In 4-dimensional geometry, there are 9 uniform polytopes with A4 symmetry. There is one self-dual regular form, the 5-cell with 5 vertices.



A4 symmetry, or [3,3,3] is order 120, with Conway quaternion notation +1/60[I×I].21. Its abstract structure is the symmetric group S5. Three forms with symmetric Coxeter diagrams have extended symmetry, [[3,3,3]] of order 240, and Conway notation ±1/60[I×I].2, and abstract structure S5×C2.
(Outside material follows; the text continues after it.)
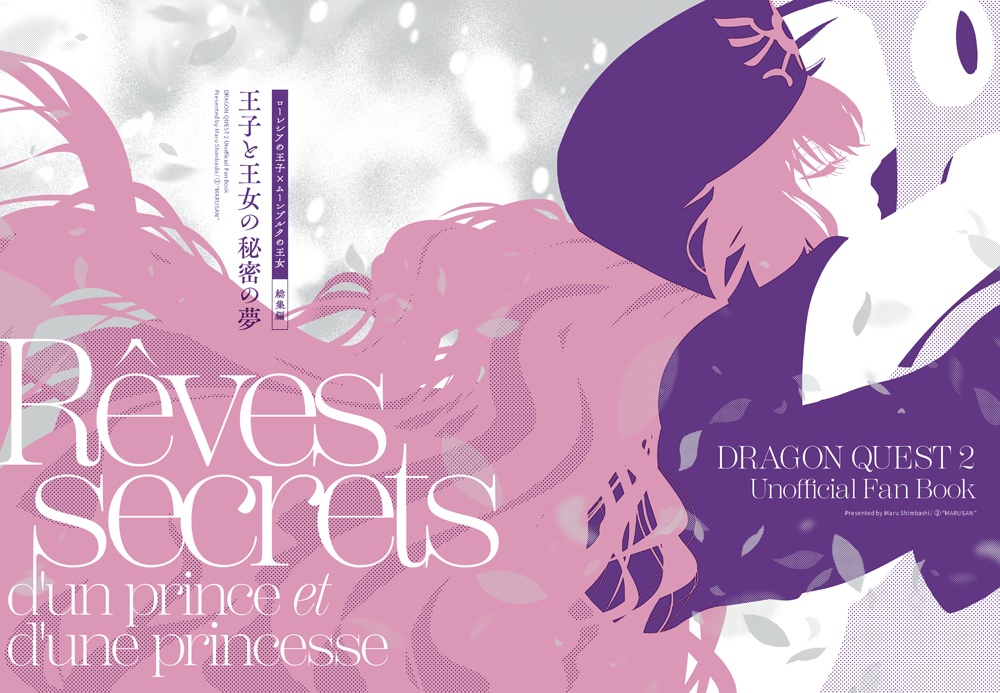 【DQ2】王子と王女の秘密の夢 総集編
Each can be visualized as symmetric orthographic projections in Coxeter planes of the A4 Coxeter group, and other subgroups. Three Coxeter plane 2D projections are given, for the A4, A3, A2 Coxeter groups, showing symmetry order 5,4,3, and doubled on even Ak orders to 10,4,6 for symmetric Coxeter diagrams.

The 3D picture are drawn as Schlegel diagram projections, centered on the cell at pos. 3, with a consistent orientation, and the 5 cells at position 0 are shown solid.


The coordinates of uniform 4-polytopes with pentachoric symmetry can be generated as permutations of simple integers in 5-space, all in hyperplanes with normal vector (1,1,1,1,1). The A4 Coxeter group is palindromic, so repeated polytopes exist in pairs of dual configurations. There are 3 symmetric positions, and 6 pairs making the total 15 permutations of one or more rings. All 15 are listed here in order of binary arithmetic for clarity of the coordinate generation from the rings in each corresponding Coxeter diagram.

The number of vertices can be deduced here from the permutations of the number of coordinates, peaking at 5 factorial for the omnitruncated form with 5 unique coordinate values.